Government borrowing has reached its lowest level in nearly a decade, but the Chancellor has overshot his independent target for shoring up the public finances.
The Office for National Statistics (ONS) said public sector net borrowing, excluding banks, dropped by £20 billion to £52 billion for the financial year to date - April 2016 to March 2017 - in contrast to the same period the year before.
It was the lowest year-to-date borrowing figure since the financial year ending March 2008, the statistics agency said.
However, the Government came in shy of the financial year target of £51.7 billion set by the the Office for Budget Responsibility (OBR) in the Spring Budget.
Borrowing, excluding banks, rose by £800 million to £5.1 billion last month, with economists pencilling in a lower figure of £3 billion.
Chancellor Philip Hammond will be cheered by the performance of the UK's public finances after coming within a whisker of hitting the full-year target as the Government gears up for the General Election on June 8.
Howard Archer, chief UK and European economist at IHS Markit, said: "Essentially meeting the revised 2016/17 fiscal target is a boost for the Chancellor's credibility after it took a knock after he swiftly and embarrassingly scrapped his March budget plans to raise national insurance contributions for the self-employed.
"Public finances over 2016/17 benefited from the resilience of the economy and a strong labour market which lifted tax receipts. Indeed, corporation tax receipts were at a record high of £55.7 billion in 2016/17."
The OBR, the Government's fiscal referee, said in March that it had expected Mr Hammond to undershoot previous borrowing targets for this financial year, revising its outlook from £68.2 billion to £51.7 billion.
It came after the Chancellor ditched his predecessor's target of balancing the books by 2020, vowing instead to put the public finances back in the black ''as early as possible'' in the next Parliament as part of a new Charter for Budget Responsibility.

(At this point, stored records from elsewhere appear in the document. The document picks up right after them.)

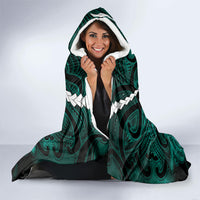 Maori Matariki Hei Matau Turquoise Hooded Blanket Maori Kowhaiwhai Pattern Galaxy LT01 - Polynesian Pride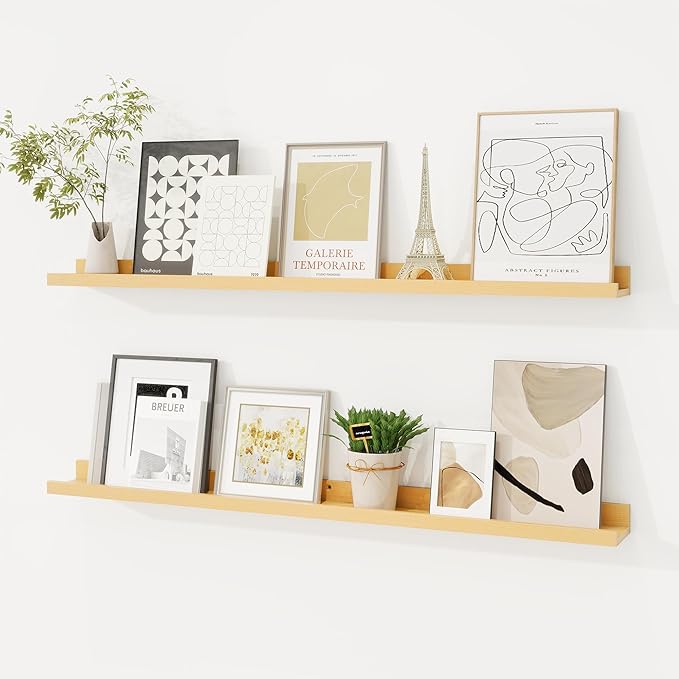 Picture Ledge Shelf, Solid Pine Wood Floating Shelves Set of 2, 36 Inches by FunMemories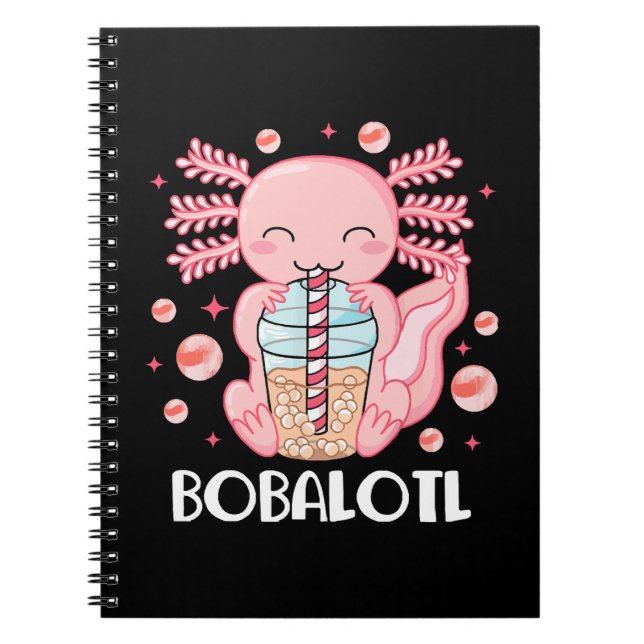 Cuaderno Té de burbujas de ajolote divertido (Frente)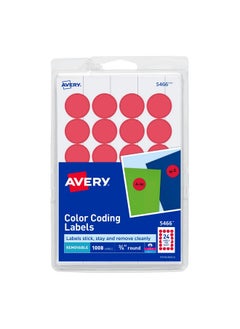 ملصقات ذاتية اللصق قابلة للإزالة من Avery Print/Write، قطر 0.75 بوصة، أحمر، 1008 لكل عبوة (5466)
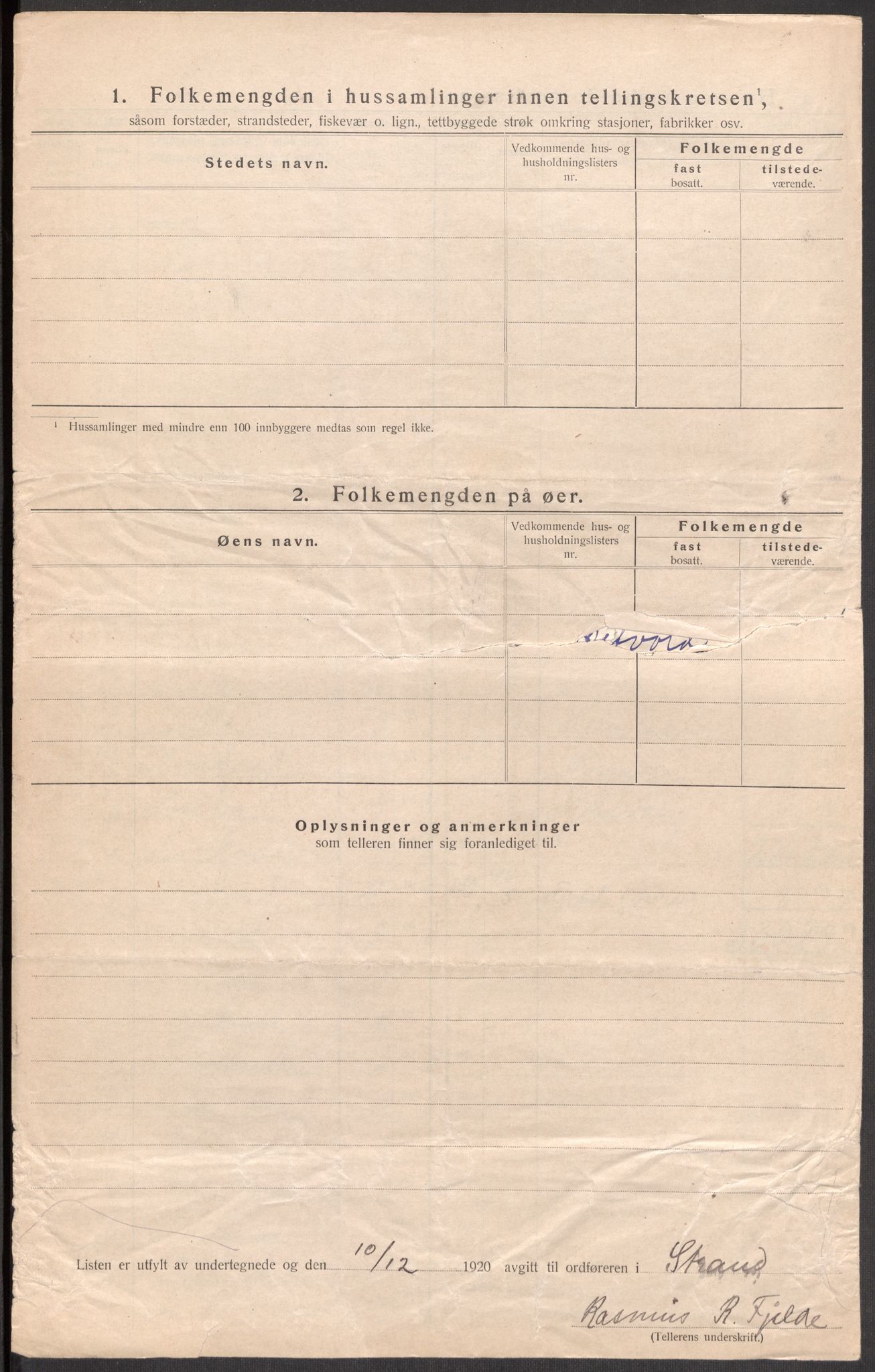 SAST, Folketelling 1920 for 1130 Strand herred, 1920, s. 29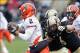 Nov 23, 2013; West Lafayette, IN, USA; Purdue Boilermakers running back Jonathan Curry (2) is chased down by Purdue Boilermakers linebacker Ruben Ibarra (6) during the third quarter at Ross Ade Stadium. Illinois won 20-16. Mandatory Credit: Pat Lovell-USA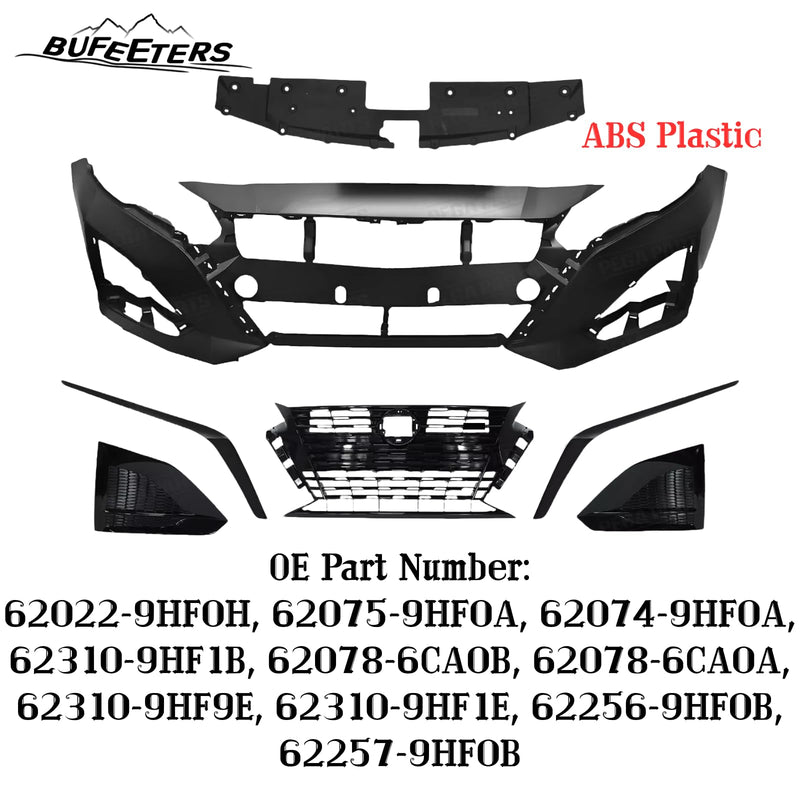 BUFEETERS  7PCS Front Bumper Grille Fog Light Cover Black Molding Fit For 2023 2024 Nissan Altima SR,Factory Style,Gloss Black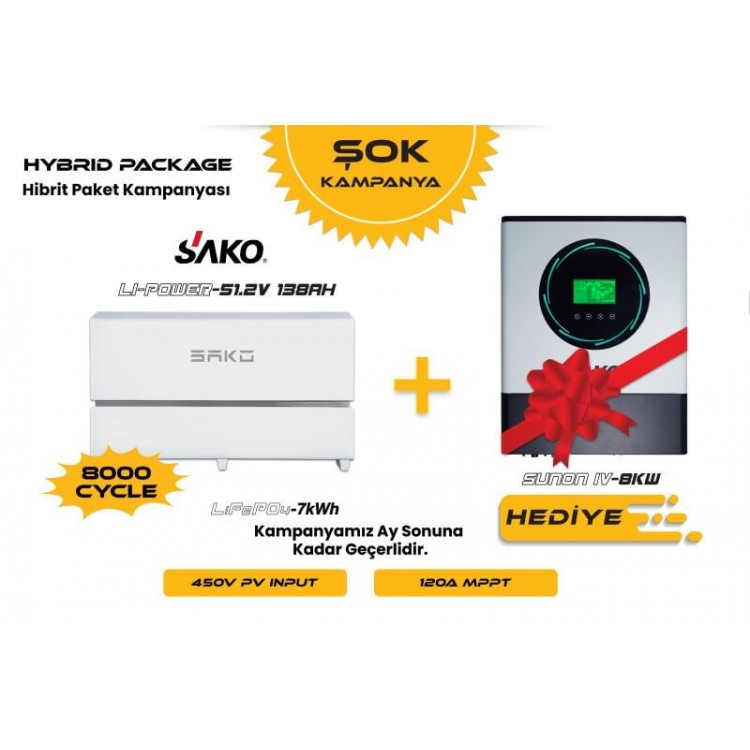 Sako Off-Grid Hibrit Paket 8 kW İnverter + 7 kWh Lityum Bataryalı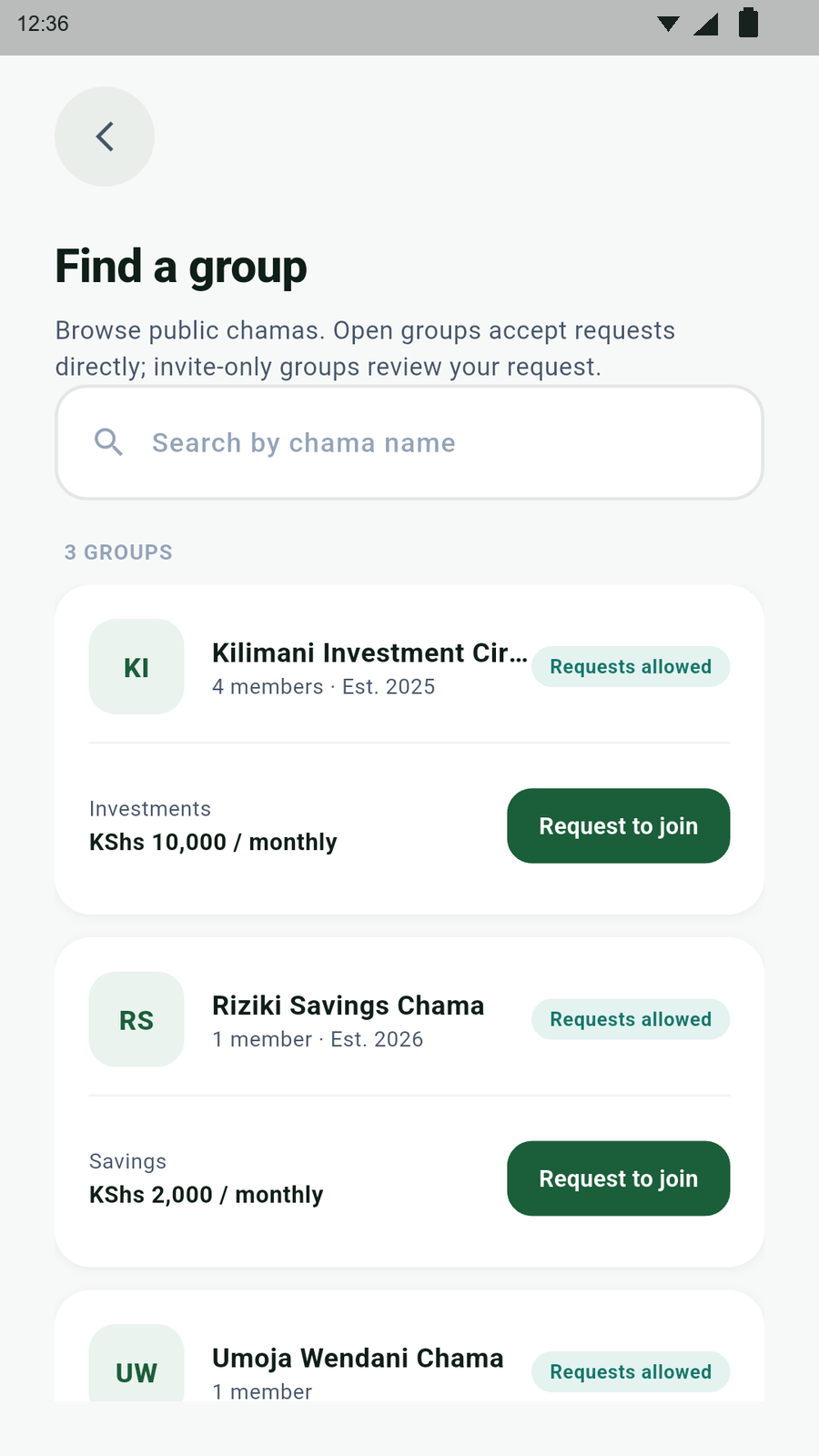 ChamaClub group discovery screen with chamas available to join
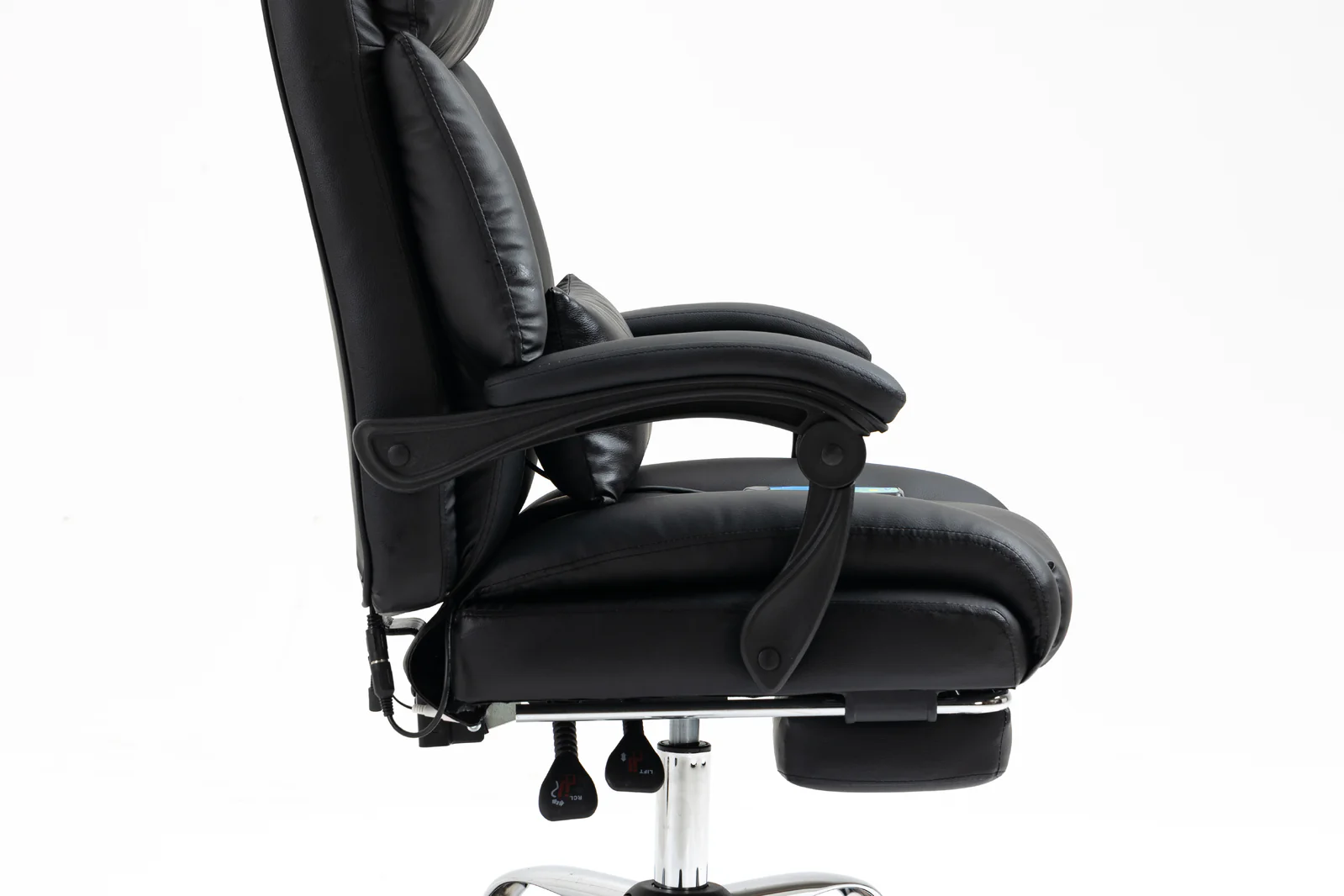 Director Deluxe Plush Executive Reclining Office Chair with Foot Rest & Massager (Black) - Image 16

However, the OBR also warned that smaller deficit hikes in four years time, coupled with cost pressures for an ageing population, meant Mr Hammond was unlikely to meet this fiscal target.
On debt, the ONS said public sector net debt excluding state-owned banks climbed by £123.5 billion to £1,729.5 billion, equivalent to 86.6% of gross domestic product (GDP).
John Hawksworth, PwC chief economist, said the Government should be encouraged by the shrinking deficit, but the progress could still unravel as higher inflation takes its toll.
He said: "It is good news that the deficit is coming down, but it is too soon to be complacent about the state of the public finances.
"As the OBR said last month, a number of one-off factors relating to the timing of tax receipts and spending flattered the deficit figures for 2016/17 but are likely to be reversed in 2017/18.
"Higher inflation will also act as a drag on growth over the next year while boosting some benefit payments that are linked to prices.
"So the improvement in the deficit could well be reversed in the coming financial year as the OBR predicted."
The ONS said Government income rose by 6% to £674.1 billion over the financial year, including £507 billion in taxes.
However, it forked out 2% more over the period at £698.6 billion, two-thirds of which was spent on departments, such as health, education and defence.
The amount of corporation tax raked in by the Government rose by £10 billion to £55.7 billion, while VAT lifted by £2.8 billion to £133.3 billion, and income tax rose by £8.3 billion to £184.2 billion for the financial year.
The announcement came as the level of government borrowing in the eurozone fell to its lowest level since early 2008.
Official figures showed the deficit in the eurozone was at 1.4% of annual GDP in the fourth quarter of 2016, down from 1.6% in the previous three-month period.